Hauptstaatsarchiv Stuttgart
 

  • Bei den kriegerischen Auseinandersetzungen zwischen Kaiser Friedrich III. und den pfälzischen und bayerischen Linien der Wittelsbacher stellt sich Ulrich V. auf die Seite des Kaisers. Als Ulrich V. und Markgraf Karl von Baden 1462 in die Kurpfalz eindringen, werden sie von dem Kurfürsten Friedrich III. von der Pfalz bei Seckenheim (zwischen Heidelberg und Mannheim) geschlagen. Ulrich V. gerät in pfälzische Gefangenschaft und wird erst ein Dreivierteljahr später gegen ein hohes Lösegeld freigelassen. Durch das Lösegeld wird die ohnehin bereits verschuldete Grafschaft empfindlich getroffen.

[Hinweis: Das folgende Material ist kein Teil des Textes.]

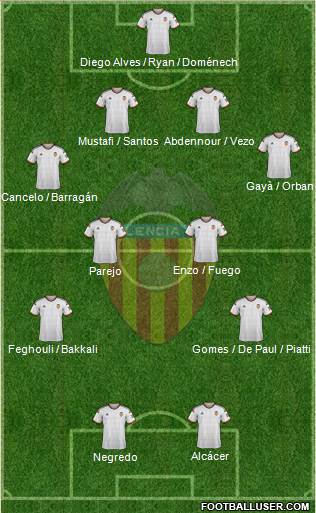 Valencia C.F., S.A.D. Formation 2015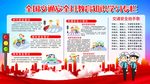 全国交通安全反思日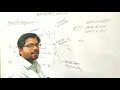Optics part 4 || Refraction of light || Refractive index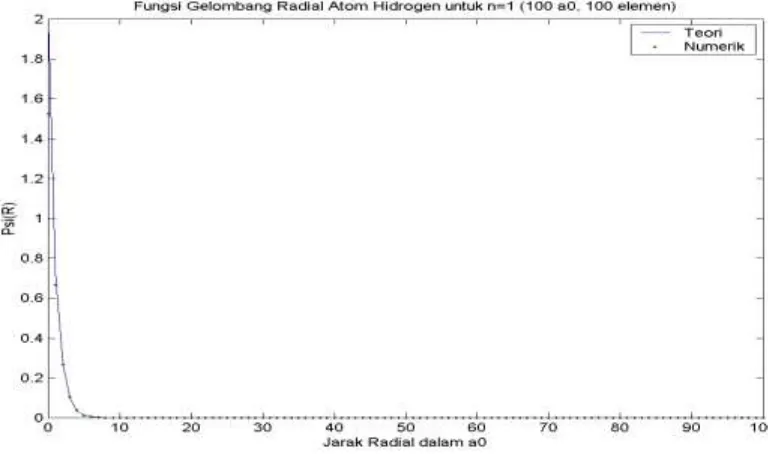 Gambar 8.  Fungsi Gelombang Radial Atom Hidrogen untuk n = 2 Batas Integrasi 100 dan Jumlah Elemen 100  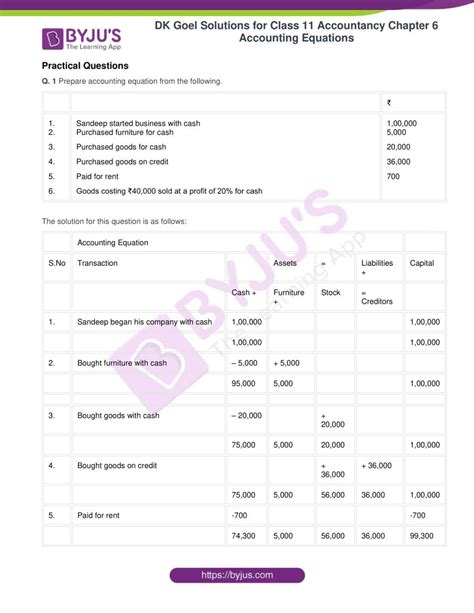 Dk Goel Class 11 Solutions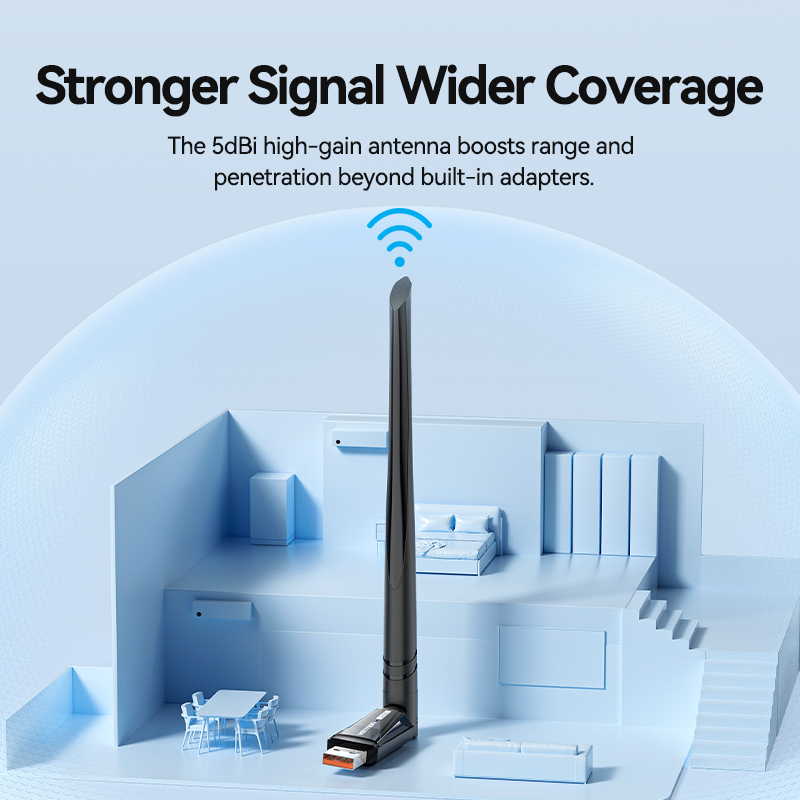 Vention NETWORK USB WiFi Antenna AX900 Dual Band High Gain KDWB0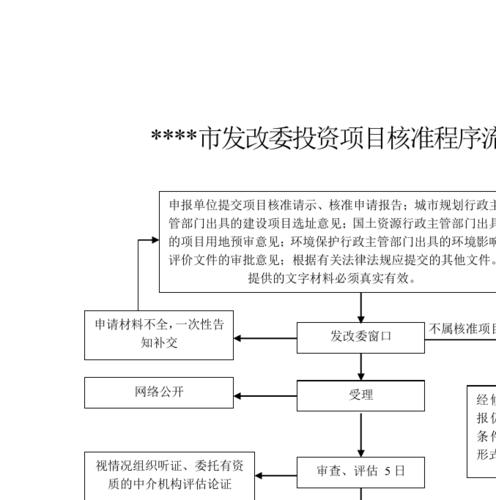 立项审批流程详解？发改委项目核准流程-图1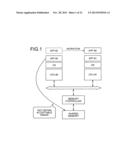 PROCESSOR PROCESSING METHOD AND PROCESSOR SYSTEM diagram and image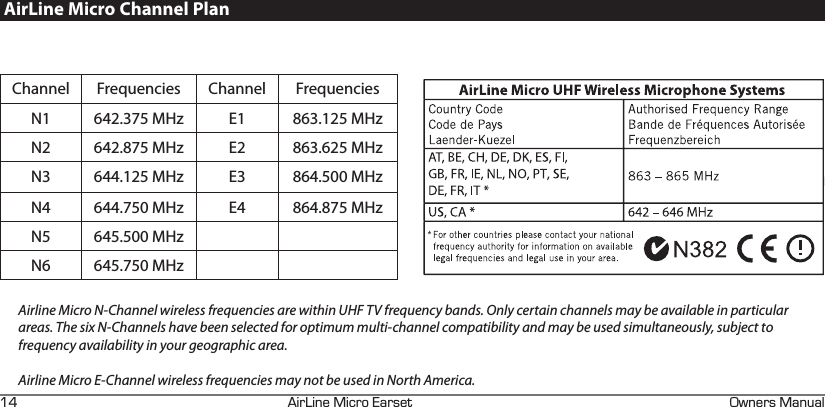 +4+0&apos;+%41#45&apos;6 90&apos;45#07#.EHAirLine Micro Channel PlanChannel Frequencies Channel FrequenciesN1 642.375 MHz E1 863.125 MHzN2 642.875 MHz E2 863.625 MHzN3 644.125 MHz E3 864.500 MHzN4 644.750 MHz E4 864.875 MHzN5 645.500 MHzN6 645.750 MHzAirline Micro N-Channel wireless frequencies are within UHF TV frequency bands. Only certain channels may be available in particular areas. The six N-Channels have been selected for optimum multi-channel compatibility and may be used simultaneously, subject to frequency availability in your geographic area.Airline Micro E-Channel wireless frequencies may not be used in North America.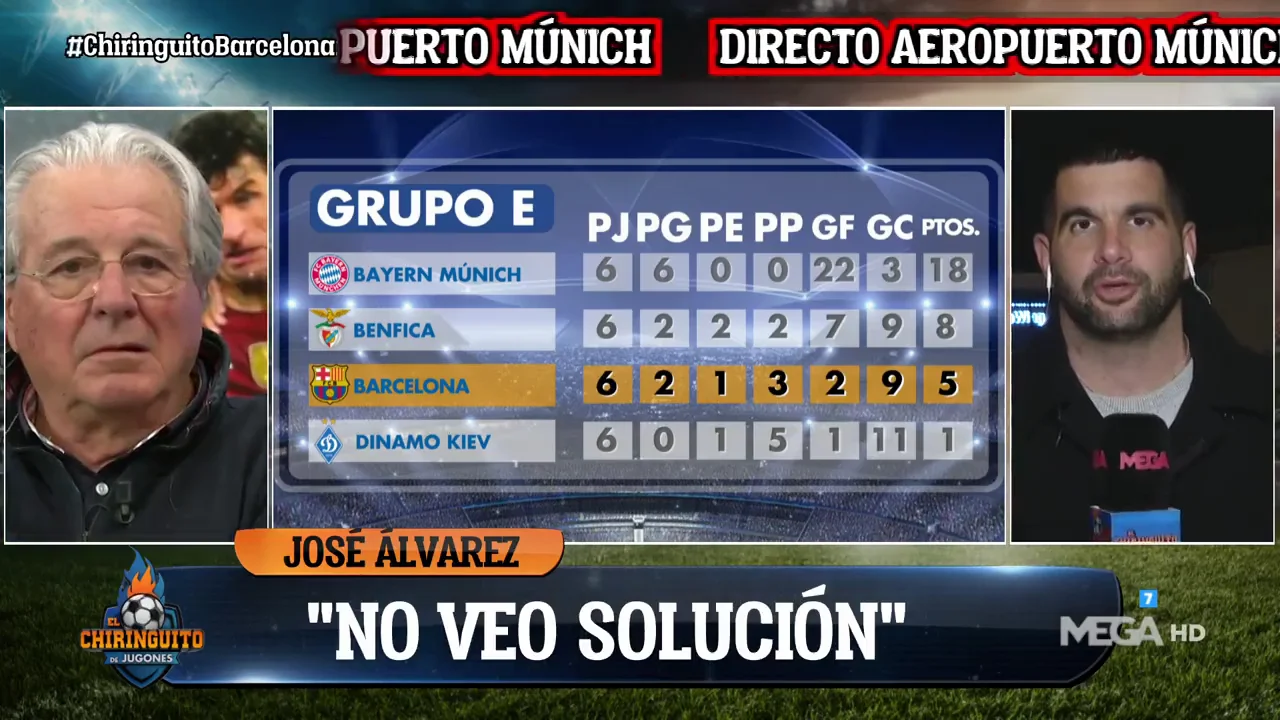 Jos&eacute; &Aacute;lvarez: "No le veo soluci&oacute;n al Bar&ccedil;a"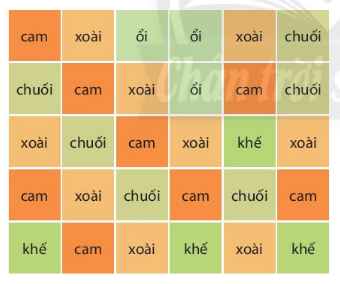 Giải câu 2 trang 120 toán 6 tập 1 sgk chân trời sáng tạo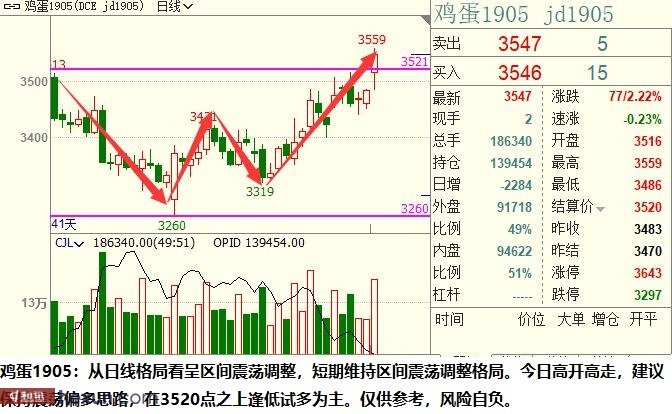 ��ӯ�Ŷӣ�3��19���ص��עƷ��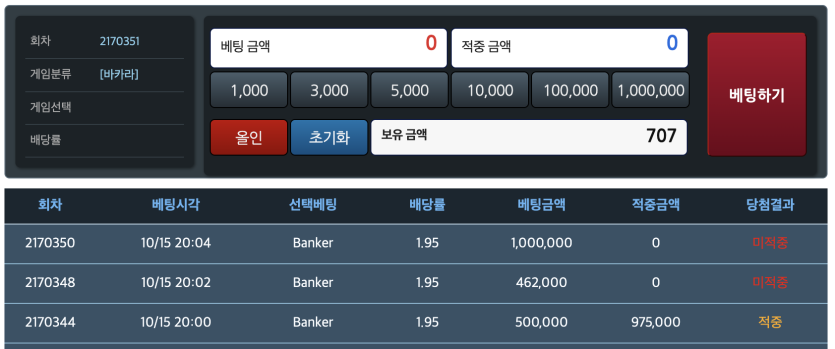 에효 gg(0)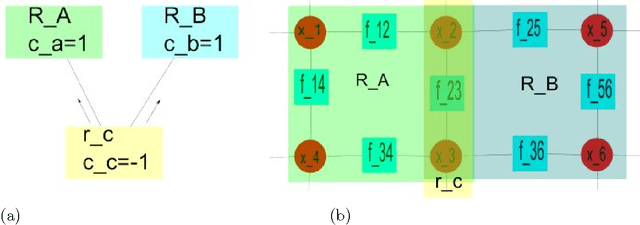 Figure 3 for Extension of Path Probability Method to Approximate Inference over Time
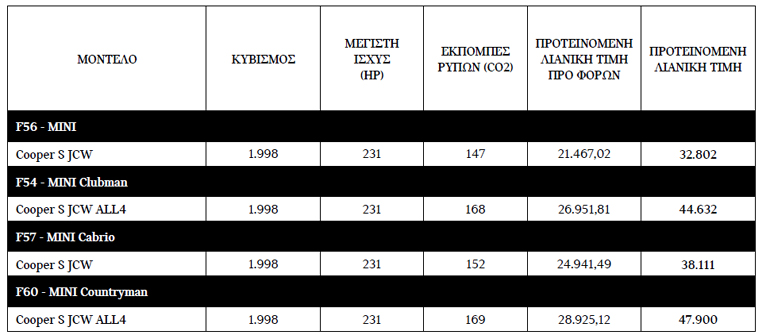 Ο τιμοκατάλογος όλων των εκδόσεων με το λογότυπο John Cooper Works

  • Stuttgart verdankt Ulrich V. seine größte mittelalterliche Erweiterung. Allerdings musste sich die Stadt hoch verschulden.

Trotz des Unglücks, das die vielen Händel und Kriege dem Land einbrachten, war Ulrich V. bei seinen Untertanen durchaus beliebt. Zu seinem Beinamen 'der Vielgeliebte' (Beneamatus) mögen seine Schenkungen an Kirchen  und Klöster sowie sein offenes, freundliches Wesen beigetragen haben.

  • Im Jahr 1480 stirbt Ulrich V.. Seine beiden Söhne Heinrich und Eberhard waren wegen ihrer Anlage zur Geisteskrankheit unfähig, zu regieren.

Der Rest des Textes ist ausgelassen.